Section: New Results

Radiomics for response to immunotherapy

Participants: Roger Sun, Maria Vakalopoulou (in collaboration with Elaine Johanna Limkin, Laurent Dercle, Stéphane Champiat, Shan Rong Han, Loic Verlingue, David Brandao, Andrea Lancia, Samy Ammari, Antoine Hollebecque, Jean-Yves Scoazec, Aurélien Marabelle, Christophe Massard, Jean-Charles Soria, Charlotte Robert, Nikos Paragios, Eric Deutsch, Charles Ferté: Institute Gustave Roussy; Therapanacea)

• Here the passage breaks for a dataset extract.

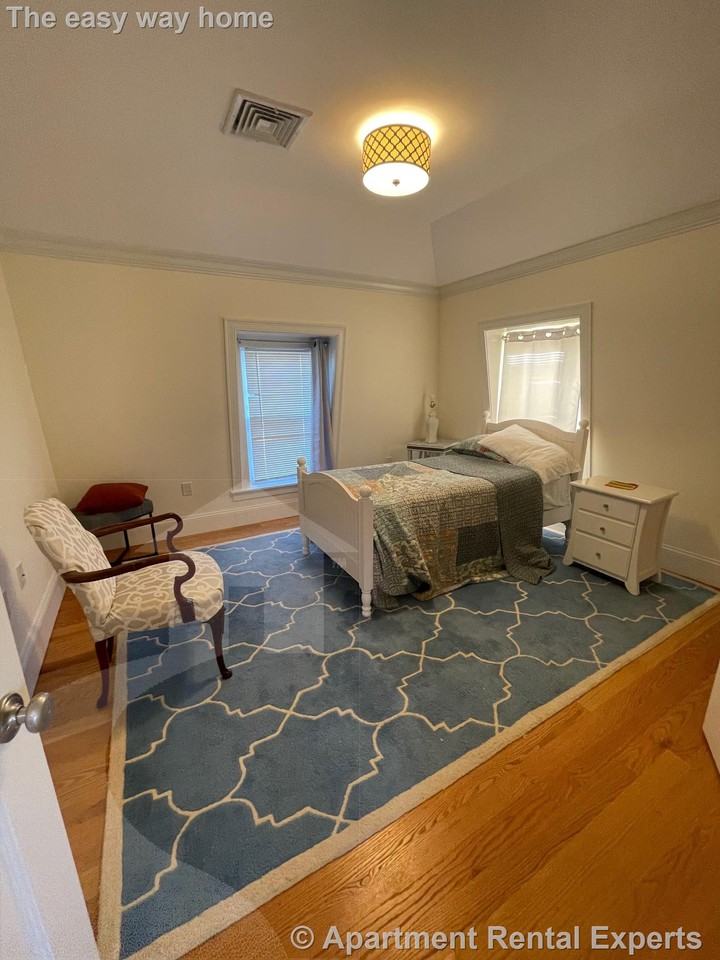 64 Flint St - Photo 6 of 22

Because responses of patients with cancer to immunotherapy can vary in success, innovative predictors of response to treatment are urgently needed to improve treatment outcomes. In this retrospective multicohort work [17], we used four independent cohorts of patients with advanced solid tumours to develop and validate a radiomic signature predictive of immunotherapy response by combining contrast-enhanced CT images and RNA-seq genomic data from tumour biopsies to assess CD8 cell tumour infiltration. To develop the radiomic signature of CD8 cells, we used the CT images and RNA sequencing data of 135 patients with advanced solid malignant tumours who had been enrolled into the MOSCATO trial between May 1, 2012, and March 31, 2016, in France (training set). The genomic data, which are based on the CD8B gene, were used to estimate the abundance of CD8 cells in the samples and data were then aligned with the images to generate the radiomic signatures. The concordance of the radiomic signature (primary endpoint) was validated in a Cancer Genome Atlas [TGCA] database dataset including 119 patients who had available baseline preoperative imaging data and corresponding transcriptomic data on June 30, 2017. From 84 input variables used for the machine-learning method (78 radiomic features, five location variables, and one technical variable), a radiomics-based predictor of the CD8 cell expression signature was built by use of machine learning (elastic-net regularised regression method). Two other independent cohorts of patients with advanced solid tumours were used to evaluate this predictor. The immune phenotype internal cohort (n=100), were randomly selected from the Gustave Roussy Cancer Campus database of patient medical records based on previously described, extreme tumour-immune phenotypes: immune-inflamed (with dense CD8 cell infiltration) or immune-desert (with low CD8 cell infiltration), irrespective of treatment delivered; these data were used to analyse the correlation of the immune phenotype with this biomarker. Finally, the immunotherapy-treated dataset (n=137) of patients recruited from Dec 1, 2011, to Jan 31, 2014, at the Gustave Roussy Cancer Campus, who had been treated with anti-PD-1 and anti-PD-L1 monotherapy in phase 1 trials, was used to assess the predictive value of this biomarker in terms of clinical outcome.